For the records below, print the lines from the line with "水星STARZ HOME多环节把控品质，引领行业高质量发" through the line with "2024年最新】ハタケヤマ HATAKEYAMA キャッチャーミット 軟式" exactly as written; include both end lines and exclude the rest.

══ EXERCISE MATERIAL

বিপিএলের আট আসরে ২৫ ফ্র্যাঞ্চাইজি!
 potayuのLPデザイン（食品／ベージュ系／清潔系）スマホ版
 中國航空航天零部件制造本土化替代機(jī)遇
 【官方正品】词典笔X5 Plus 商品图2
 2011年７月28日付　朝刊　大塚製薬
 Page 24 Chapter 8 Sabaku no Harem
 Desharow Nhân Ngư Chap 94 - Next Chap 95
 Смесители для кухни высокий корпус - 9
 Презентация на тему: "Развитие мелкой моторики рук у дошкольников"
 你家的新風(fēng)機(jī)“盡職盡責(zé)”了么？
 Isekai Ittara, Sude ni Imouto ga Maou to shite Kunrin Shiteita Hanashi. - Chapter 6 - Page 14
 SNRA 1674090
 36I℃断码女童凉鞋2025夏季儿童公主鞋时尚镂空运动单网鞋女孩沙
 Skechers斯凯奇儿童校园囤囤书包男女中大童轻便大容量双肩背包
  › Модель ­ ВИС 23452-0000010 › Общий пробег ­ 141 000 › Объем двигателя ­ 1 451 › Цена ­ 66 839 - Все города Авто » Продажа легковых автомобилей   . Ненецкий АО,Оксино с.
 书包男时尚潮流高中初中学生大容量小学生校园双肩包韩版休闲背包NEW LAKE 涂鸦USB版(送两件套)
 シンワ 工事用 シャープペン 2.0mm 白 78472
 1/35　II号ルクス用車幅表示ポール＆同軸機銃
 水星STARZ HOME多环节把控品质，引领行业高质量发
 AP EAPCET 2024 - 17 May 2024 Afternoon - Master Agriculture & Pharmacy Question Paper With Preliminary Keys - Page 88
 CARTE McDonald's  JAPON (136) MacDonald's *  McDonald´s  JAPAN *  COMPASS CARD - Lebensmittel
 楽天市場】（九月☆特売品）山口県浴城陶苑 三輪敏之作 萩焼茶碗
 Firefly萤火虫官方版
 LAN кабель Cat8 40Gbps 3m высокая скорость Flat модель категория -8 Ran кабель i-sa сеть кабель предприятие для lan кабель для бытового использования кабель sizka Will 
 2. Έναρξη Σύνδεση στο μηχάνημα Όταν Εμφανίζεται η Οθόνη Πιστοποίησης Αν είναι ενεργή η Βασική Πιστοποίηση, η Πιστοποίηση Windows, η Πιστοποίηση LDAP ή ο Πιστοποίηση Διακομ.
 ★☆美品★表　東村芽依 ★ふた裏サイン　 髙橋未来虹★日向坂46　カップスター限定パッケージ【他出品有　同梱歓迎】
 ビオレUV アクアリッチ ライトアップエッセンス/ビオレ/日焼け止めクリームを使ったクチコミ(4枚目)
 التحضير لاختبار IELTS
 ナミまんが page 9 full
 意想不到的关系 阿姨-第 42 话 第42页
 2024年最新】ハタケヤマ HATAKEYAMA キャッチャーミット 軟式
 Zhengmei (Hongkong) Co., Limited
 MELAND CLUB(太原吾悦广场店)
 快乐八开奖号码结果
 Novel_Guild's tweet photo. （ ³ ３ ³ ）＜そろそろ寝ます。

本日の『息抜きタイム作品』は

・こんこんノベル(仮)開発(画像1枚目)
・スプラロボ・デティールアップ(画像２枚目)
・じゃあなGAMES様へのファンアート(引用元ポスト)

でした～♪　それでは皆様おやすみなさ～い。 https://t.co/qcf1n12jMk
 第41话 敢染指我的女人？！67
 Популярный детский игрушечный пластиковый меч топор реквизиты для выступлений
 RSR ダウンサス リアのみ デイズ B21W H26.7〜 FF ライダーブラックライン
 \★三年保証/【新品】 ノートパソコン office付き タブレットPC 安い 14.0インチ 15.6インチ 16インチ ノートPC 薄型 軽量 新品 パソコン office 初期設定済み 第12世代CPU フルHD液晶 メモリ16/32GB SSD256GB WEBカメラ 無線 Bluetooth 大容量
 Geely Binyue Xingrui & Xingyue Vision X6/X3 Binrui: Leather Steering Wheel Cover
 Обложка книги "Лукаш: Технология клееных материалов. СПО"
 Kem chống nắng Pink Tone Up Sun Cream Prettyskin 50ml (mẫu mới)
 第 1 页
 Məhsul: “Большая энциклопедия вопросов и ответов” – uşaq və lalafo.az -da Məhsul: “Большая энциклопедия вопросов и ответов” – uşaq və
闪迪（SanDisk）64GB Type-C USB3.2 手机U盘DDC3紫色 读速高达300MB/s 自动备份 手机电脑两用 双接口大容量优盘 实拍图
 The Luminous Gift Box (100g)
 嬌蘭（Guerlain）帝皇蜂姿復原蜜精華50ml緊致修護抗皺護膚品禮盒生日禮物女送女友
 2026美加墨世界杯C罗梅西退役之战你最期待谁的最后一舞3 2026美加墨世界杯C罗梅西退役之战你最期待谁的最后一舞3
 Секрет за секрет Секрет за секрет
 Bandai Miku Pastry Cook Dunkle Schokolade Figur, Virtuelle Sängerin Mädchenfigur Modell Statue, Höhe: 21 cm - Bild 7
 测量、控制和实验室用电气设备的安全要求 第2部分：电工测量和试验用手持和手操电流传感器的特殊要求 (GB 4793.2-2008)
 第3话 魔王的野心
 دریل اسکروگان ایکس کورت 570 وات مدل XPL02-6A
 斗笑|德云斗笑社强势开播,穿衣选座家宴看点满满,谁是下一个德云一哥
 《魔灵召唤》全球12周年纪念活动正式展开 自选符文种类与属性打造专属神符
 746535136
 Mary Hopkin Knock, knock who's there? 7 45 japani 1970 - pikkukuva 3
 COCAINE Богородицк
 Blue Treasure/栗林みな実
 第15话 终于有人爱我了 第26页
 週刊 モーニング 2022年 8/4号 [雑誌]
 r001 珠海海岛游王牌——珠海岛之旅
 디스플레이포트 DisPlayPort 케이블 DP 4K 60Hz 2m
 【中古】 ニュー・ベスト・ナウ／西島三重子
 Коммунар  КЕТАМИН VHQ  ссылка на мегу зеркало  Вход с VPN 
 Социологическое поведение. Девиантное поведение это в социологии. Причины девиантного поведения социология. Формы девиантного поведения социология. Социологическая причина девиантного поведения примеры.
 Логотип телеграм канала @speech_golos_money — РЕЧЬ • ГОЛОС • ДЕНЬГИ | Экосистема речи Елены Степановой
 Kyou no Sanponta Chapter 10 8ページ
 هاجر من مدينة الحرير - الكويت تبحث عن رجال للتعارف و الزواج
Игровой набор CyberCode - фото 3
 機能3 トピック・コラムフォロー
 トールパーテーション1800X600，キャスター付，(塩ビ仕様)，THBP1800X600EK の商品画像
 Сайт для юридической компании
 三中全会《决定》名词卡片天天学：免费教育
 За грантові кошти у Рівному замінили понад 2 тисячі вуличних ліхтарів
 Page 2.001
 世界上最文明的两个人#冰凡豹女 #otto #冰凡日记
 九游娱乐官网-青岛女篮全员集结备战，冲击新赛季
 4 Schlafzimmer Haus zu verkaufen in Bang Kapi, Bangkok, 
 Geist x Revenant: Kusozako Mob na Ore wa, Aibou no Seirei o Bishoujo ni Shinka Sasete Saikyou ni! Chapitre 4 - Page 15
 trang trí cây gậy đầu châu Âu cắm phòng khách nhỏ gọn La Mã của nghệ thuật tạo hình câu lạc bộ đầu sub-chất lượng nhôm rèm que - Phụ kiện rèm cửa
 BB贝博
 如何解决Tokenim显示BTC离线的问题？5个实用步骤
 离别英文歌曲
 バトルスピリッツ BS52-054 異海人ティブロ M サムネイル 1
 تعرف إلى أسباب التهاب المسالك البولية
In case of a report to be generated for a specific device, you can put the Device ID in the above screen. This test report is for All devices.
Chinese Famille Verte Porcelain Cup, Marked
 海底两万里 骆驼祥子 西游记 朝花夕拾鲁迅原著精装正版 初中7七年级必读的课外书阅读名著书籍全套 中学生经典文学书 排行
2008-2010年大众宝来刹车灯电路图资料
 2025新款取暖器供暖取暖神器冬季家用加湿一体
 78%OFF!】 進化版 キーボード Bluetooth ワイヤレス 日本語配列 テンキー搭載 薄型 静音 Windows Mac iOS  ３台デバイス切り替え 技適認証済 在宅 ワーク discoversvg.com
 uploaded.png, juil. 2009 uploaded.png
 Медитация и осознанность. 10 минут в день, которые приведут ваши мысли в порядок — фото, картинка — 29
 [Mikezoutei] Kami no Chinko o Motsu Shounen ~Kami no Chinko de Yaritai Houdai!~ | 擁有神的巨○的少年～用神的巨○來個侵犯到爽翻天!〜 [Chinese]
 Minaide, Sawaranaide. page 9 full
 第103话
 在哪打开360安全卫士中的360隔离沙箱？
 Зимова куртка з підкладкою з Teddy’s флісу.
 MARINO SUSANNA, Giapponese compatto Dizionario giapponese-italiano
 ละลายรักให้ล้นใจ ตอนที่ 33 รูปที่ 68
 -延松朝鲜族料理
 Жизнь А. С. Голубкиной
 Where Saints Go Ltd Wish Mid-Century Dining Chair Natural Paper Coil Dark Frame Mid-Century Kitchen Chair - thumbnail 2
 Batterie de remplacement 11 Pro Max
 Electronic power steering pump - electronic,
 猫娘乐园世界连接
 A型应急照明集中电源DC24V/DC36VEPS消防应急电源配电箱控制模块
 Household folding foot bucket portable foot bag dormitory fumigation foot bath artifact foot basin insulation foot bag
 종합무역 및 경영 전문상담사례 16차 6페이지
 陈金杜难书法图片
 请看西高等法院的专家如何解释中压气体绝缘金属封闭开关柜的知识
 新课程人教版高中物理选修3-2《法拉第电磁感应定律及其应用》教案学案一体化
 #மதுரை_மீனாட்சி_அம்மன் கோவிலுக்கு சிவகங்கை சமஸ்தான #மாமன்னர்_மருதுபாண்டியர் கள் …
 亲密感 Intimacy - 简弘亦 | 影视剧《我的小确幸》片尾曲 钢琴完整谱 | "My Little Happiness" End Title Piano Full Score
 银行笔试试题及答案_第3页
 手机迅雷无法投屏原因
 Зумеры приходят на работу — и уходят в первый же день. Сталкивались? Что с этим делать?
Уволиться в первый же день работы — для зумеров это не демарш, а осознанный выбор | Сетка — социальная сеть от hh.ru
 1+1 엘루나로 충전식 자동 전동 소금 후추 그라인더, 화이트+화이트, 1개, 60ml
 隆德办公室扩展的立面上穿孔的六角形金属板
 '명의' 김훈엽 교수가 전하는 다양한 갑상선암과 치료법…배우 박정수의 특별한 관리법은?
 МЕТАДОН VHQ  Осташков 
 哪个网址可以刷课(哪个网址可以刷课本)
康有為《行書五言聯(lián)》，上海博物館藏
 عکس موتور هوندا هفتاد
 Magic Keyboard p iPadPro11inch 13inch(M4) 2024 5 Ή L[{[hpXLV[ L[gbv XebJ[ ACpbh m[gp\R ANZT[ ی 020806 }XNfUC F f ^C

════

EXERCISE ANSWER ▸
 水星STARZ HOME多环节把控品质，引领行业高质量发
 AP EAPCET 2024 - 17 May 2024 Afternoon - Master Agriculture & Pharmacy Question Paper With Preliminary Keys - Page 88
 CARTE McDonald's  JAPON (136) MacDonald's *  McDonald´s  JAPAN *  COMPASS CARD - Lebensmittel
 楽天市場】（九月☆特売品）山口県浴城陶苑 三輪敏之作 萩焼茶碗
 Firefly萤火虫官方版
 LAN кабель Cat8 40Gbps 3m высокая скорость Flat модель категория -8 Ran кабель i-sa сеть кабель предприятие для lan кабель для бытового использования кабель sizka Will 
 2. Έναρξη Σύνδεση στο μηχάνημα Όταν Εμφανίζεται η Οθόνη Πιστοποίησης Αν είναι ενεργή η Βασική Πιστοποίηση, η Πιστοποίηση Windows, η Πιστοποίηση LDAP ή ο Πιστοποίηση Διακομ.
 ★☆美品★表　東村芽依 ★ふた裏サイン　 髙橋未来虹★日向坂46　カップスター限定パッケージ【他出品有　同梱歓迎】
 ビオレUV アクアリッチ ライトアップエッセンス/ビオレ/日焼け止めクリームを使ったクチコミ(4枚目)
 التحضير لاختبار IELTS
 ナミまんが page 9 full
 意想不到的关系 阿姨-第 42 话 第42页
 2024年最新】ハタケヤマ HATAKEYAMA キャッチャーミット 軟式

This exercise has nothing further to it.